The Mikado Company (ミカド商会)
The Mikado Company (- Shokai, established on July 10, 1919 - Acquired on January 1920) is a Japanese film studio that once existed. It was the first company that Shozo MAKINO, the 'father of Japanese cinema,' established after he became a movie director. It was short-lived and was absorbed by Nikkatsu, but in two years later, Makino began to run his own business seriously.
Brief History and Summary
Shozo MAKINO worked actively as a movie director, first at Einosuke YOKOTA's Yokota Shokai from 1908, and then at Nikkatsu after the 4 company merger in 1912. But he desired independence from Nikkatsu. With promise that he would limit his movies to 'just educational movies,' he established this company on July 10, 1919, while still working for Nikkatsu. He welcomed Tatsuo HOSHINO, a member of the Inquiry Committee of Popular Education in Ministry of Education, as an adviser. This Hoshino is the same Tatsuo HOSHINO that first translated Maurice LEBLANC's "Arsene Lupin, Gentleman Cambrioleur" the year before while still working for the Ministry of Education.
Makino recruited Bansho KANAMORI, his former assistant director, as well as Taneta HANABUSA and Yukio HAMADA, his former assistant cameramen. He had KANAMORI script and direct 4 volumes of narrative film titled "Yearning for the City," and 2 volumes of short narrative film titled "Tadataka no Kikan Shonanko." He had Hanabusa and Hamada shoot these films. To film a one-volume documentary movie titled "Shojokai Hyosho Kinenkaishiki (Numakuma County, Hiroshima Prefecture Shojokai)," he sent Kanamori and Hanabusa to 'Shojokai' in Numakuma County, Hiroshima Prefecture (current Fukuyama City of the same prefecture). His actors division, except for Rihaku ARASHI, consisted of MAKINO's relatives: his daughter Tomie, his sons Masahiro MAKINO and Mitsuo MAKINO, his younger maternal half sister Kyoko, and her husband Ichitaro KATAOKA. All were silent picture films. These three films were shown at Tokyo Educational Museum (current National Museum of Nature and Science) located within Yushima Seido (Sacred Hall at Yushima) on November 30 of the same year.
Feeling the threat, Yokota of Nikkatsu absorbed the said company in January 1920, just one month after the release, and named it 'Nikkatsu Educational Film Department.'
Director Kanamori returned to being an assistant director to Makino, and cameraman Hamada returned to Nikkatsu as an assistant cameraman.

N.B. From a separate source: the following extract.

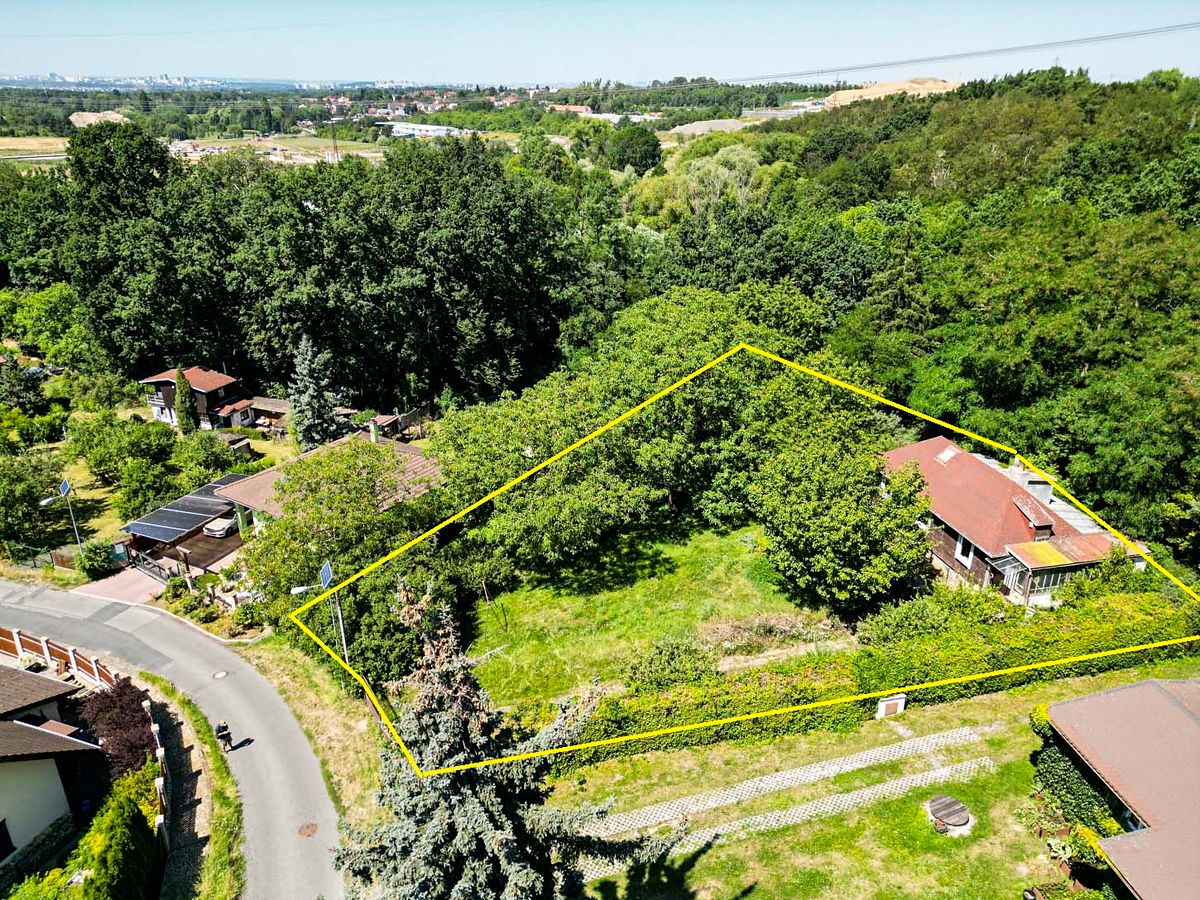 Prodej stavebního pozemku 1428 m², Říčany – fotka 1 z 3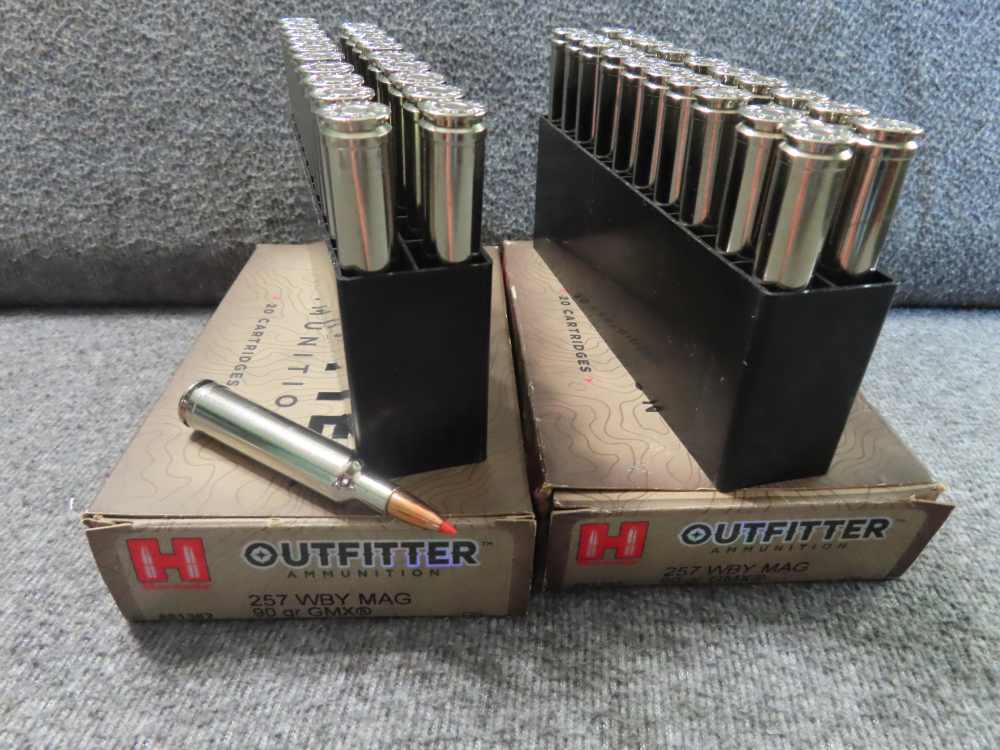2 BOXES, 40 ROUNDS, HORNADY MADE .257 WEATHERBY MAGNUM AMMO-img-0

Hanabusa went to Tokyo and worked as a cameraman for a film under the sponsorship of Ministry of Railways called "Tetsudo to Kotoku" (railroads and public virtue), produced by 'Katsudo Shashin Shiryo Kenkyukai' established by Toyojiro TAKAMATSU around the same time as 'Mikado Shokai.'
Makino sought independence again and established 'Makino Educational Films' in June of the following year. Until then, he indifferently continued as a director for a film starring Matsunosuke ONOE at Nikkatsu Studio.